Second paragraph of third article ("龙马精神 Dragon Horse Vitality Spirit", by Yen Ooi):
Genres are in general difficult to define, but CSF is especially complicated. Both the terms Chinese and science fiction defy any clear definition, yet are used so commonly that every user has their own pre-assumed definition. One popular assumption in the West is that CSF should always be read in terms of political dissent or complicity with state power. As much as that might be true for some, it is an unhelpful generalisation. After all, we do not assume that British SF is only about Brexit, or American SF only about Trump. In one sense, all storytelling is inherently political, and within Anglophone SF especially, the racist and queerphobic attack on representational diversity is often disguised as a demand to “remove the politics” from our stories. However, the necessarily political nature of storytelling is complicated in the case of the Anglophone reception of CSF. The insistence of many Western readers on interpreting CSF exclusively in relation to government censorship can itself have a paradoxically censoring effect. Some CSF authors have even resisted writing stories set in China, or allowing the translation of their work into English, for fear that readers will ignore its actual aesthetic and intellectual qualities, while using it as material for simplistic speculation: Whose side are you really on?
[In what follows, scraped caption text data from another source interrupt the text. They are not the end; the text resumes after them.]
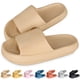 thumbnail image 1 of Zapatillas de baño para hombre y mujer, zapatillas originales Cozislides, zapatillas de baño Cloudyzz, zapatillas de goma para el hogar, zapatillas antideslizantes, chanclas de verano para, 1 of 6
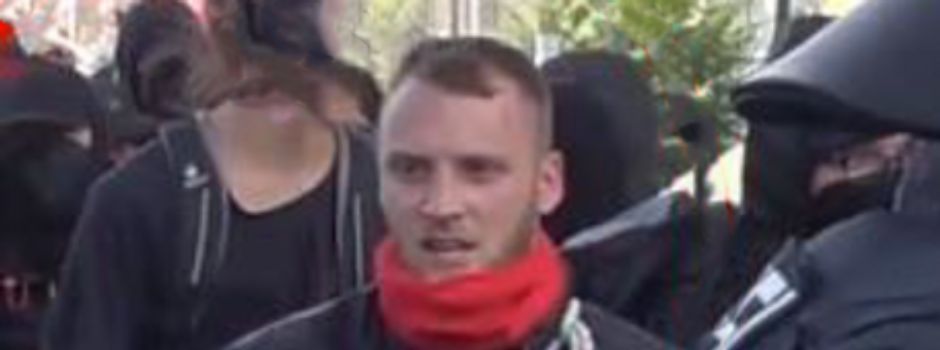 Nach Angriff auf Polizist in Mainz: Wer hat diesen Mann gesehen?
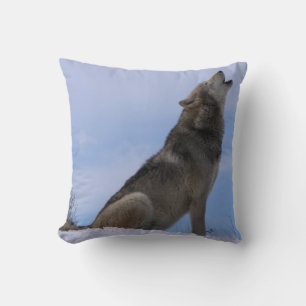 Howling Alaska Timber Varg Kudde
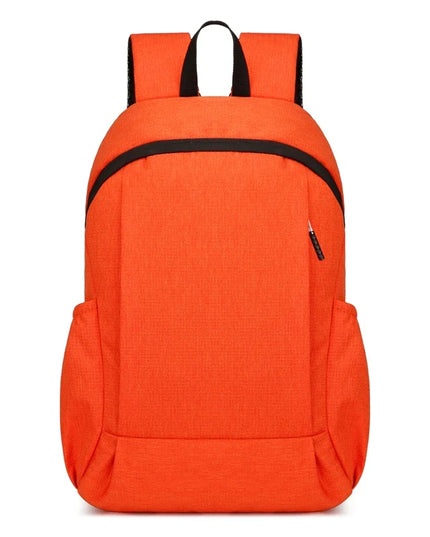 Leichter Rucksack fuer Freizeit - Orange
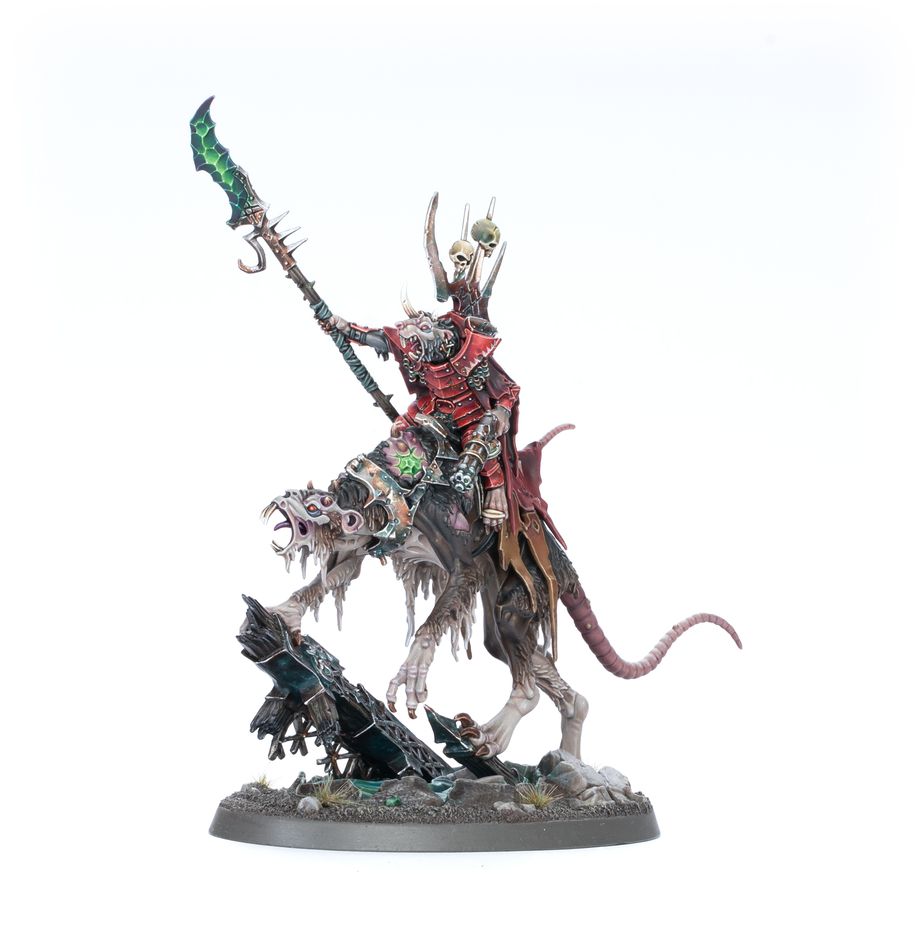 AGE OF SIGMAR SKAVENTIDE (ENGLISH)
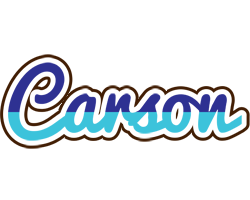 Carson raining logo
To quote Ken Liu — for what is a publication on CSF without mentioning the writer who, it feels like, has single-handedly brought CSF to Anglo-American readers? —
Like writers everywhere, today’s Chinese writers are concerned with humanism; with globalization; with technological advancement; with development and environmental preservation; with history, rights, freedom, and justice; with family and love; with the beauty of expressing sentiment through words; with language play; with the grandeur of science; with the thrill of discovery; with the ultimate meaning of life.
— Ken Liu, Invisible Planets, 2016.
The BSFA has done us all a huge service with a special issue of Vector devoted to Chinese SF, 80 pages of really interesting pieces about the genre in the language with most native speakers in the world. I must say there isn't a dud piece here - I thought I was going to bounce off Angela Chan's interview with artist Beatrice Glow, but in fact it developed into a really interesting narrative about colonialism and representation. I won't attempt to summarise what I learned from the magazine, but I went straight out and bought An Excess Male, by Maggie Shen King, and Waste Tide, by Chen Qiufan, to add to my TBR list. I assume that the interested non-BSFA member can make arrangements to get a paper copy from the source, or wait a few months until it appears on the back issues page.